My Charlotte source tells me they have seen signs of meddling and other monkey-business in Mecklenburg primaries and runoffs:
”Besides having to endure a disgusting 9th congressional District race, we in Mecklenburg watched as two of Thom Tillis’s “puppets” won second
primaries for legislative seats — beating true conservatives. The races were ugly, with lots of money spent and a lot of lies told about the conservative candidates — both of whom are
good, honorable men. ”
The puppets my source refers to are apparently Jeff Tarte, the GOP nominee for Senate District 41, and Charles Jeter, GOP nominee for House district 92. My source says Tillis has been openly and publicly taking sides and endorsing in a number of internal party races in the area.
A remaining issue causing a real rift between conservative and establishment Republicans in Mecklenburg County is the proposed $452 million Red Line commuter train system. Conservatives see the train project as an expensive boondoggle trying to address a need that could be handled in a much cheaper manner by BUSES. Even the federal government has balked at supporting the project. Pat McCrory has campaigned publicly in favor of the Red Line project as late as August 2011.

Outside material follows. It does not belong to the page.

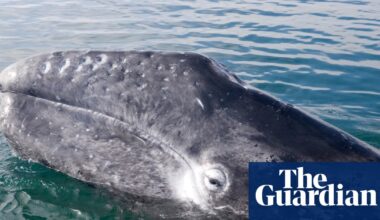 Pacific gray whales facing ‘catastrophic’ die-off as climate crisis hits food supply | Whales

My Mecklenburg source offers this dire prediction:
“This party is splintered. The establishment has campaigned hard against conservatives and Tea Partiers. When the smoke clears, they preach this line about unity — everybody coming together. After all they’ve done in the primaries, I don’t see it happening.”
Clearly, there is a campaign out there by the Republican Ruling Class to inoculate itself from The Tea Party. They are openly trying to wipe out potential boat-rockers and “troublemakers.”

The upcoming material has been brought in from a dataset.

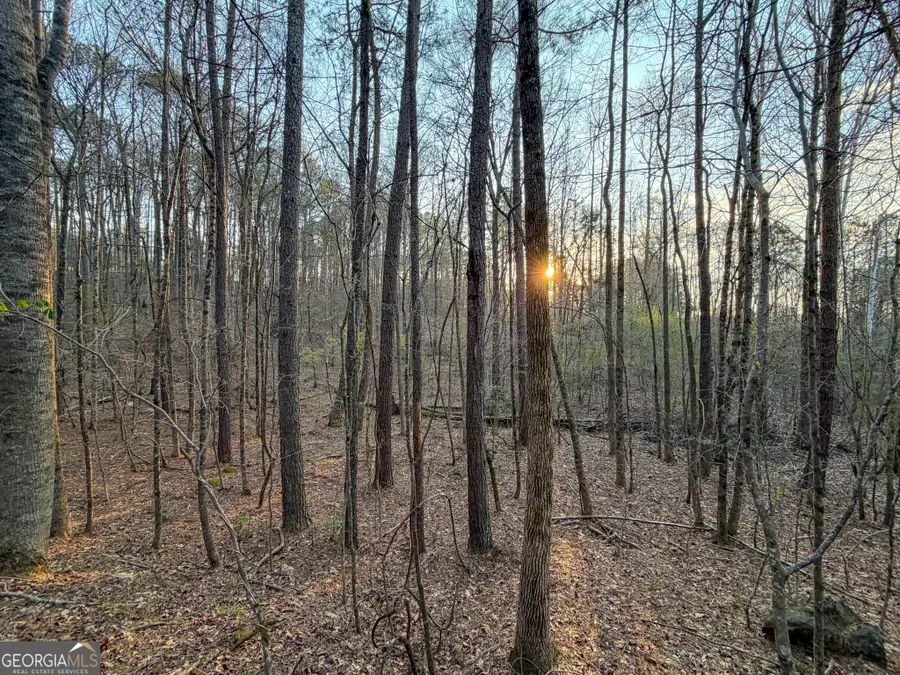 83 +/- Acres On Us Hwy 27, Franklin, GA 30217 - #3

HERE is an interesting 2008 piece in The John Locke Foundation’s “Meck Deck” blog about how McCrory’s troubles with conservatives in Mecklenburg County cost him in the 2008 governor’s race:
There’s a brewing confusion that a huge Obama-inspired Democratic turnout sank Pat McCrory and local GOP candidates in Mecklenburg County Nov. 4. This is advanced despite the fact that county turnout underperformed the rest of the state, 65 percent to 69 percent.
“I knew all along the problem is numbers. We are outnumbered by Democrats and it shows there,” defeated Republican county commissioner Dan Ramirez told The Charlotte Observer. Similarly, McCrory campaign aide Richard Hudson tried to cite “a Chicago-style turnout machine” as the reason for McCrory’s Election Day dud in the Queen City.

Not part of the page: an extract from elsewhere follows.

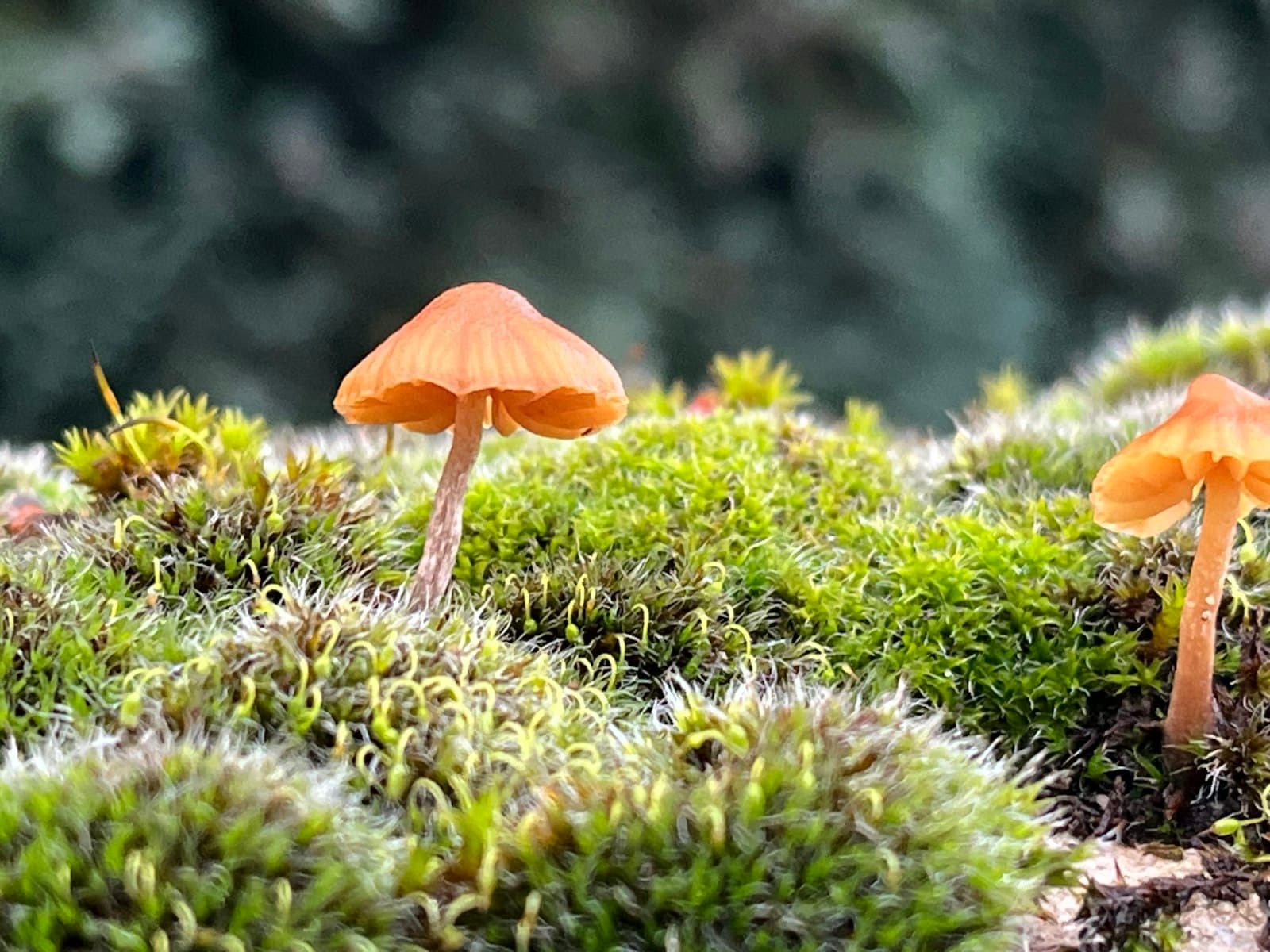 Bielefeld — a couple of mushrooms sitting on top of a moss covered ground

Sorry, but the numbers do not support this electoral fatalism on the part of a wounded, confused Republican Party. To understand why Democrat Bev Perdue carried a county every election prognosticator assumed would go for Charlotte’s mayor you need to drill down to the precinct level. There you find Perdue’s 385-vote victory margin, along with some uncomfortable answers for GOP strategists.
First, note that Democrat Larry Kissell crushed GOP Rep. Robin Hayes in Mecklenburg County precincts. Kissell tripled Hayes’ votes in the district’s 29 county precincts. Overall, fully 20 percent of Kissell’s votes came from the sliver of Mecklenburg that Hayes represented. Perdue carried 26 of those precincts as well, several by overwhelming margins, with turnout at 70 percent or higher. Indeed, a huge swath of East Charlotte extending out to Cabarrus County abandoned their mayor in droves.
The area has shifted gradually toward a less white, lower income mix in recent years. But demographics do not explain everything. Higher Democratic turnout in Democratic precincts is only part of the story. The rest of the story? Local Republicans simply did not turn out to elect McCrory governor.
Not only did Perdue carry a few precincts in the southern burbs — Pineville Elementary and Sharon Lakes, for example — many area precincts that favored McCrory did so with underwhelming turnout, some as much as 13 percent lower than the rest of the county. For example, precincts 87 and 88 in Pineville gave McCrory 60 percent of their votes, but turned out only 55 percent and 52 percent of their voters to do so.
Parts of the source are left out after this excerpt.